So wirkt sich Freundschaft auf die Gesundheit aus

So wirkt sich Freundschaft auf die Gesundheit aus

Freundschaft gehört zu den allerwichtigsten Dingen im Leben. Kinder- und Jugendfreunde, die viel zusammen erlebt haben und die zusammen durch Dick und Dünn gegangen sind, sind einander heilig. Solche Freunde zu haben, ist nach Expertenmeinung gut für die Gesundheit und fürs Gemüt.
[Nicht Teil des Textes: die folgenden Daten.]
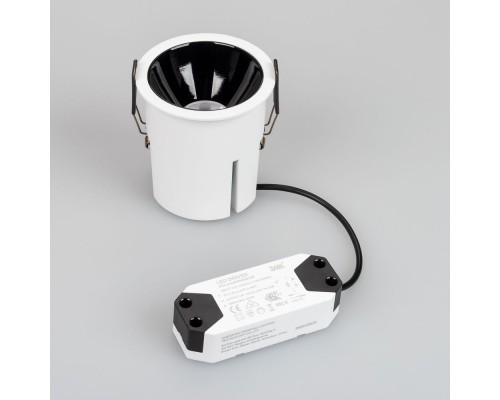Светильник MS-ATLAS-BUILT-R90-25W Warm3000 (WH-BK, 30 deg, 230V) 035457 Arlight Светильник MS-ATLAS-BUILT-R90-25W Warm3000 (WH-BK, 30 deg, 230V) 035457 Arlight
Es heißt, wenn eine Freundschaft erst einmal sieben Jahre lang gehalten hat, dann hält sie fürs Leben. Die ersten Freundschaften schließen wir schon im Kindesalter. Schon da wissen wir, wen wir mögen und wen nicht und dass der beste Freund immer für einen da istManchmal überstehen solche Freundschaften die Jahre und wir bleiben auch im Erwachsenenalter noch Freunde. Und umso besser, denn laut Expertenmeinung soll das gut für die Gesundheit und fürs Gemüt sein. Amerikanische Wissenschaftler haben sich jetzt mit dem Thema auseinandergesetzt und untersucht, in wieweit Freundschaft unser Gemüt und unser seelisches Gleichgewicht beeinflusst.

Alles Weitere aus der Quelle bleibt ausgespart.